Durata della mobilità e contributi

La durata prevista della mobilità finanziabile è stabilita dagli accordi e viene riportata nel contratto finanziario insieme all'importo della borsa Erasmus.

ATTENZIONE: la durata effettiva della mobilità  è stabilita dal certificato di soggiorno rilasciato dalla sede estera che può attestare un periodo inferiore di soggiorno rispetto alla durata prevista nel contratto finanziario.

È possibile aumentare la durata della mobilità fino ad un massimo di 12 mesi complessivi chiedendo il prolungamento senza finanziamento dopo la partenza.

È possibile ridurre il periodo di mobilità facendo comunque un minimo di tre mesi (pari a 90 giorni).
Agli studenti che partono nel secondo semestre o spostano la partenza dal primo al secondo semestre per fare solo attività di esami, la durata della mobilità viene decurtata d'ufficio al 31 luglio.

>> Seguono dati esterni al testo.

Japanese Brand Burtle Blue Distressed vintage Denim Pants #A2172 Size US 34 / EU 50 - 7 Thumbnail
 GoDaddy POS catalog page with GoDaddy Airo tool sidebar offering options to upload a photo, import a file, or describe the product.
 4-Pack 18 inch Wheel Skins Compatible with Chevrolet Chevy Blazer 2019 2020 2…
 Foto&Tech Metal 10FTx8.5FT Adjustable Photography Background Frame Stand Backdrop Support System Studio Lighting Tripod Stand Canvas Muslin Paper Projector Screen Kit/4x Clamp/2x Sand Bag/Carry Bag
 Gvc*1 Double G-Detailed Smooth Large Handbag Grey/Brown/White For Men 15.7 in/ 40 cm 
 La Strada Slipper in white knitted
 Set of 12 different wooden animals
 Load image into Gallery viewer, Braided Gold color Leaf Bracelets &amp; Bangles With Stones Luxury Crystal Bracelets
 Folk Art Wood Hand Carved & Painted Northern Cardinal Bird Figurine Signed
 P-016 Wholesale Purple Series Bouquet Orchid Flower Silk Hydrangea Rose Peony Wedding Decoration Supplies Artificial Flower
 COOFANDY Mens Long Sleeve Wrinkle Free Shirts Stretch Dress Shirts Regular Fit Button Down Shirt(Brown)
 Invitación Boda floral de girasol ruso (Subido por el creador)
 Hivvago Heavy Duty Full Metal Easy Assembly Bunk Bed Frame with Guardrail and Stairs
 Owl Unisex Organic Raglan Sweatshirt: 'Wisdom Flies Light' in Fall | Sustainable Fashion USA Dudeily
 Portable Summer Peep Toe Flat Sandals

Con il Programma Erasmus+ studio il calcolo del periodo di mobilità avviene "in giorni" considerando convenzionalmente tutti i mesi pari a 30 giorni e l'anno pari a 360 giorni. Il periodo di mobilità viene quindi conteggiato per mensilità intere pari a 30 giorni aggiungendo i giorni delle frazioni di mese.

Esempio:
Mobilità prevista: 5 mesi pari a 150 giorni, dal 10/10/2014 al 10/03/2014
Mobilità effettuata in base al certificato di soggiorno: dal 16/10/2014 al 02/03/2015
Conteggio: 15 giorni per ottobre (dal 16 al 30 ottobre) + 120 giorni (mesi interi di novembre, dicembre, gennaio e febbraio) + 2 giorni per marzo (1 e 2 marzo), totale giorni di mobilità = 137 giorni.
Pagamento: 250/30 per 137 giorni pari a 1050,33 euro  oppure 300/30 per 137 giorni pari a 1278,66 euro.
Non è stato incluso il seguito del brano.